As an added bonus, proper use of deep perspective point of view helps prevent some of the most common issues I see in fiction manuscripts:

  • Headhopping and Author Intrusion
  • Writing Character’s Thoughts
  • Telling, not showing

Today I’m going to cover headhopping, author intrusion, and writing character’s thoughts. I’ll look at showing and telling next week.

Headhopping

Changing the point of view character in a scene is referred to as headhopping, which can be confusing for the reader. For example, the following paragraph shows three viewpoints in three sentences, first Alice, then Ben, then Dr Cook:

It was all too much for Alice. She turned, clung to Ben’s lapels and sobbed. Her heart was breaking. Ben held her against his chest and allowed the grief of years to be brutalised by hope.
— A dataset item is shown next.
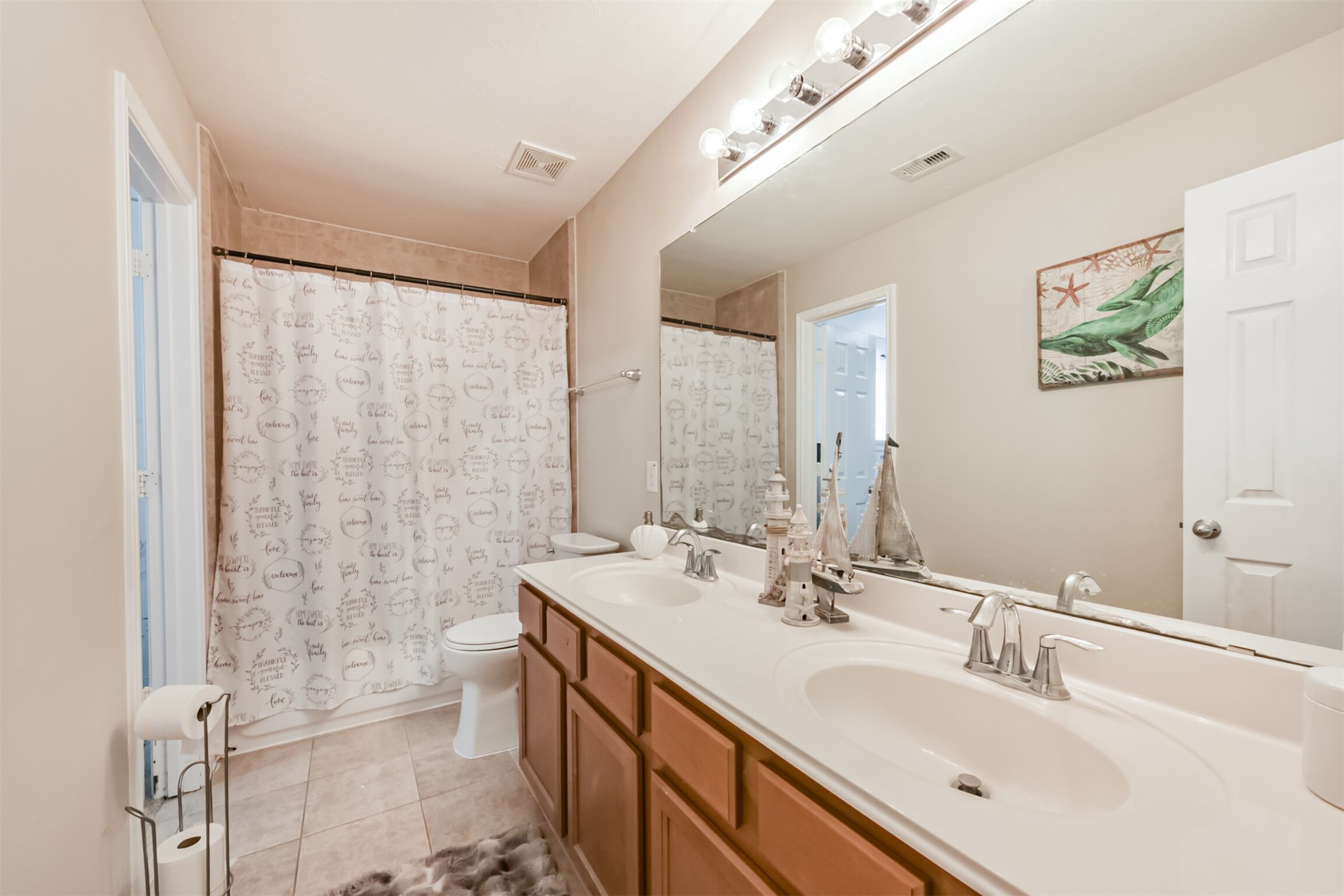 6806 Russelfield Lane Houston, TX 77049 - Photo 40 of 46 a bathroom with a double vanity sink mirror and shower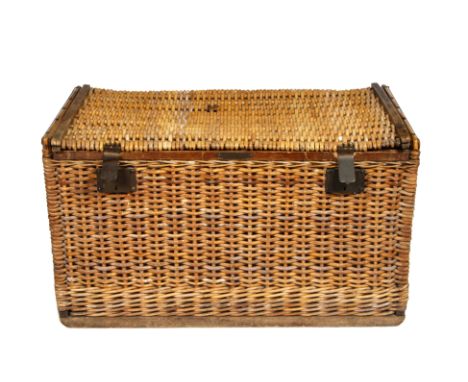 A LARGE FRENCH WICKER HAMPER with metal side carrying handles and clasps, and plaque embossed 'Systéme Bréveté', 105cm wide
Dr Cook looked on benignly, waiting for her grief to subside before he continued with his examination.

This should be revised so the entire paragraph is from the viewpoint of a single character, the character who is most affected by the actions in that scene. This character should be named first, so the reader knows who is the point of view character in the scene.

Remember, a scene has a specific structure (which I discussed when I visited Seekerville). Adding a line break and *** does not create a new scene.

Yes, I’ve seen it done.

I think the author was breaking up the narrative into “scenes” to show she understood the rule of only having one point of view character per scene. But my reaction was that either she didn’t know how to write a proper scene, or that she was too lazy to revise her manuscript properly. Either way, the substandard writing showed a lack of respect for her potential readers.

Author Intrusion

If you’re using deep perspective point of view properly, the story is being told through the eyes of your characters. Author intrusion is when you slip out of the character’s viewpoint and tell the story as the author. An author intrusion can be as simple as one wrong word—an English character who says y’all or pavement. An American who says boot instead of trunk. A high school dropout who talks about serendipity.
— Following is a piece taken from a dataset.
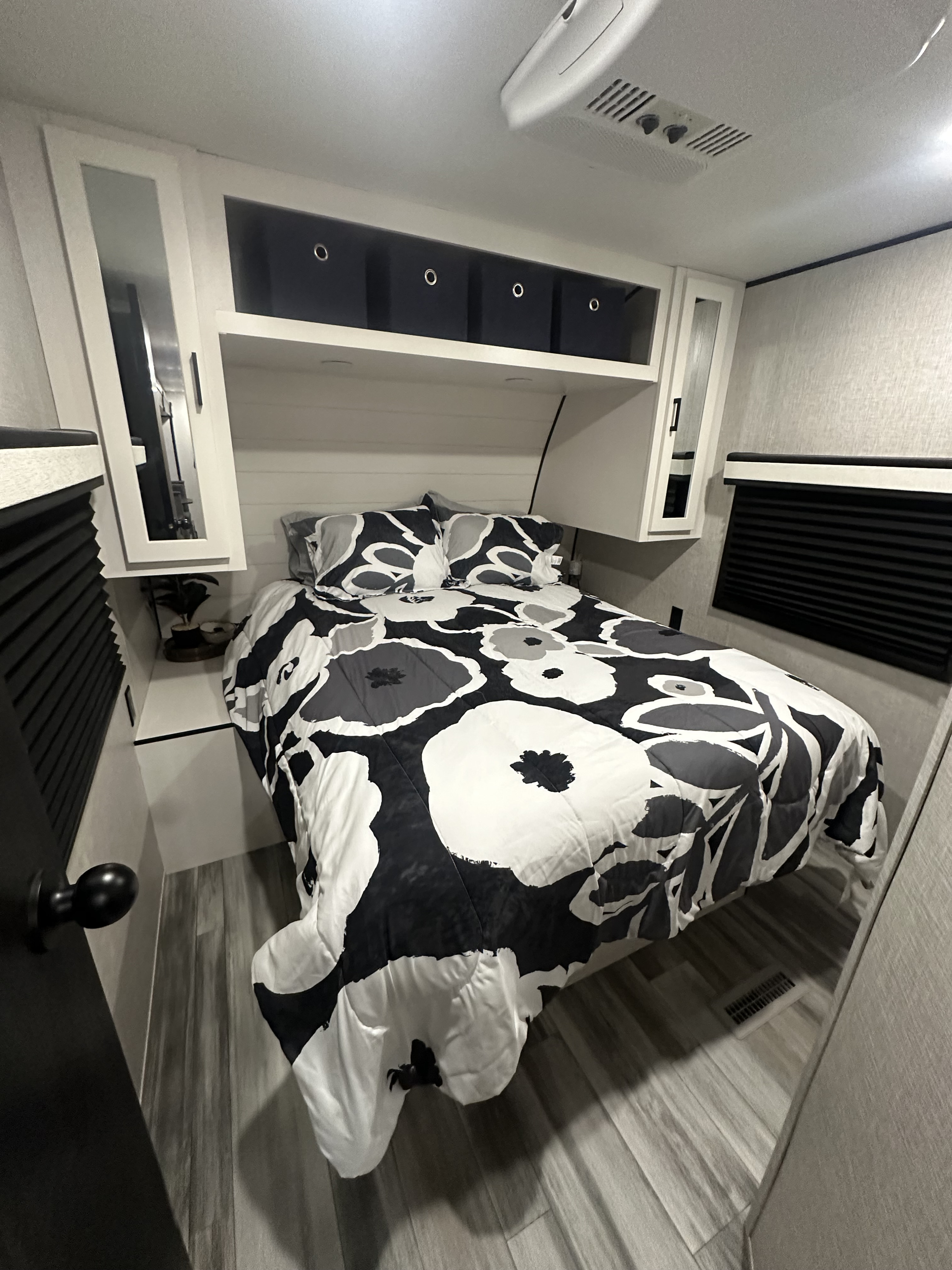 Comfortable RV rental bedroom featuring black, white, and gray floral bedding, overhead storage, and privacy blinds.. Jayco Jay Flight 2024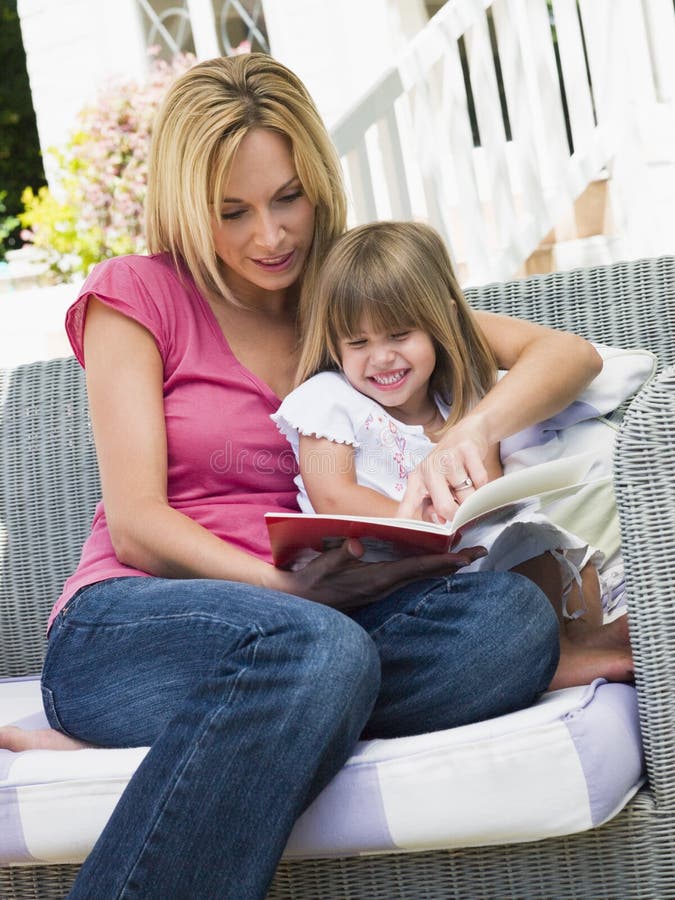 Woman and young girl sitting on patio reading book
For example, I have blonde hair courtesy of an excellent hairdresser. I might look in the mirror and think it’s time to get my roots touched up, but I’m not going to think of my hair colour if that’s not the focus of the scene:

The wind blew Alice’s carefully coiffured blonde hair everywhere.

It’s boring, right? Instead, deepen the point of view:

The gentle breeze whipped into a frenzy, blowing Alice’s hair everywhere–in front of her eyes, into her mouth. So much for the half-hour she’d spend drying and styling a professional coiffure for her job interview.

Author intrusion can also be more noticeable moralising and editorialising—the kind of preachiness which once gave Christian fiction a bad name (I think most authors now know better).

To avoid author intrusion, remember that every word needs to be consistent with what your viewpoint character can see or hear, or what they would think. Nothing more.

Writing Character’s Thoughts

There are three ways to show character thoughts in fiction, but only one I recommend—interior monologue. I’ll discuss the other two so you know why I don’t recommend them.

Quotation Marks

I have seen people ask how you tell the difference between character thought and character dialogue. The rule I learned in school was to use one quotation mark for character thought (‘like this’) and two for dialogue (“like this”).

That’s a useful rule to remember if you’re reading fiction from the 1950’s or earlier, but this approach is now considered wrong:

Never, ever use quotes with your interior monologue. It is not merely poor style; it is, by today’s standards, ungrammatical. Thoughts are thought, not spoken.
– Renni Browne and Dave King, Self-Editing for Fiction Writers

In the same way, don’t use thinker attributions (e.g. she thought). These indicate you’re using a distant point of view rather than deep perspective:

Princess Elizabeth sat waiting in the Royal quarters of the Tower of London. ‘I should be grateful I’m not in a regular prison cell,’ she thought. ‘The room is warm, and the food is as fine as I eat at home.’

Thinker attributions signal to agents, publishers, editors, and readers that you don’t know (or don’t understand) deep perspective point of view.

Direct Thought

Many authors choose to use italics to indicate direct thought:

Princess Elizabeth sat waiting in the Royal quarters of the Tower of London. I should be grateful I’m not in a regular prison cell.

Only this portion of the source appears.